(CNSNews.com) - Margaret "Peggy" Hamburg, commissioner of the Food and Drug Administration, told CNSNews.com that it is not acceptable for the FDA to inspect foreign drug manufacturers only once every 12 years and domestic manufacturers every three years.
Touring Washington, D.C.’s Eastern Market with Health and Human Services Secretary Kathleen Sebelius and Agriculture Secretary Tom Vilsack on Friday, Hamburg said that her department’s performance in inspecting drug manufacturing facilities was not acceptable, and that her goal was to turn the FDA into a world class regulator, working with both foreign and domestic partners to better keep tabs on drug makers.
“No,” she said. when asked if the FDA's fequency of inspecing foreign drug manufacturers was acceptable.
“The numbers of [overseas] producers is huge, hundreds of thousands, and we need to really have a strategic framework," she said. "We need to work with other partners in terms of our sister regulatory agencies. We need to work with the regulatory agencies in those countries and with industry to figure out how we can really enhance the oversight of the production of really important products that are being imported from overseas.”
Hamburg said that her agency was dealing with limited resources and a growing number of drug manufacturers, making it much harder to inspect them regularly.
“We clearly want to expand our global footprint,” she said, “and take a very strategic look at how---with obviously limited resources and an expanding demand in terms of overseas producers of drugs and medical devices” that the FDA could achieve better and more frequent inspections.
When asked how this goal would be affected by President Barack Obama’s efforts to have the government restructure the health care system, Hamburg demurred, saying only that health care reform would affect everyone in America.
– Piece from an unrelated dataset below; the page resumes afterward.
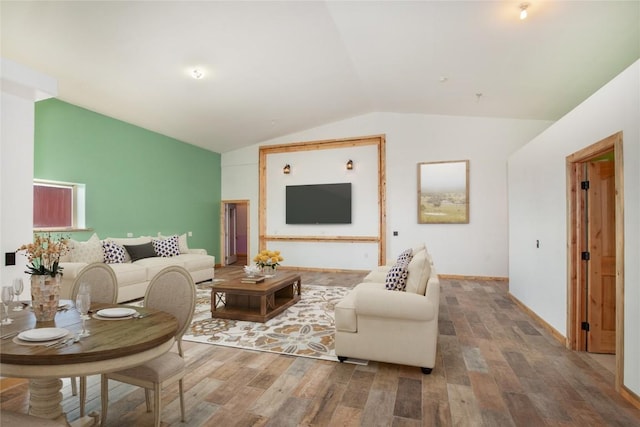 living room with hardwood / wood-style floors and vaulted ceiling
She added that there were a set of issues that were not related to health care reform, but declined to explain whether FDA inspections were one of them.
“Health care reform is very important,” she said. “It’s going to make a real difference in the lives of every American. But there are a set of issues that lie outside of what health care reform is addressing and things like ensuring the safety of the food, drug, and medical product supply is something that FDA needs to take a leadership role on, working with industry.”
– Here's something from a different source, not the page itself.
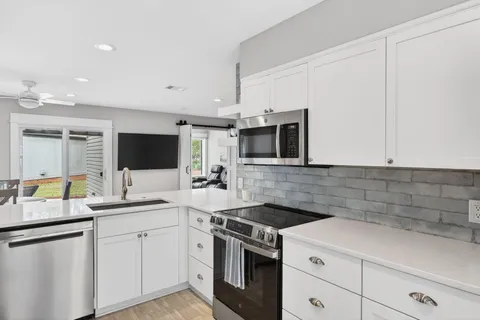 a kitchen with stainless steel appliances a sink stove and microwave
The Government Accountability Office (GAO) published a report in June that said the FDA is only able to inspect foreign drug manufacturing facilities an average of once every 12 years and domestic drug manufacturing facilities once every three years.
As CNSNews.com previously reported, the GAO found that the only foreign drug makers the FDA inspects are those making prescription medications, not over-the-counter drugs, which are often the first ones people use to relieve their symptoms.
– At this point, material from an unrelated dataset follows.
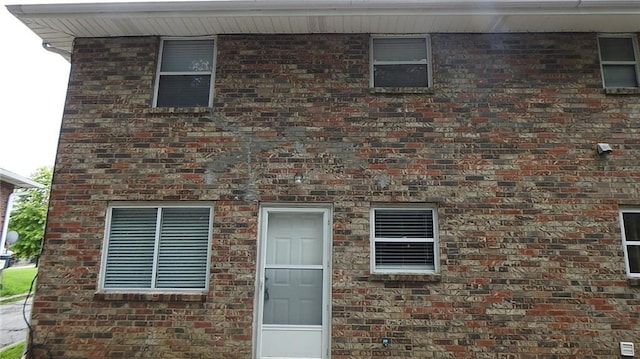 view of exterior entry with brick siding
The FDA does not conduct inspections of foreign facilities manufacturing over-the-counter drugs because it does not consider that a priority compared to inspections of prescription drug makers.
“FDA primarily conducts inspections of establishments manufacturing prescription drugs, as opposed to over-the-counter drugs, because FDA generally considers establishments manufacturing over-the-counter drugs to have a lower inspection priority,” the report stated.
The report further said that FDA does not even have a requirement for how frequently foreign tissue banks, drug, and device manufacturers should be inspected, listing all three under the heading “establishment types without a requirement for inspection frequency.”
Foreign tissue banks are inspected only once every four to five years, and foreign makers of high-risk medical devices such as heart valves and pacemakers once every six years. Makers of medium-risk devices such as hearing aids and electrocardiographs are inspected only once every 27 years, according to the GAO.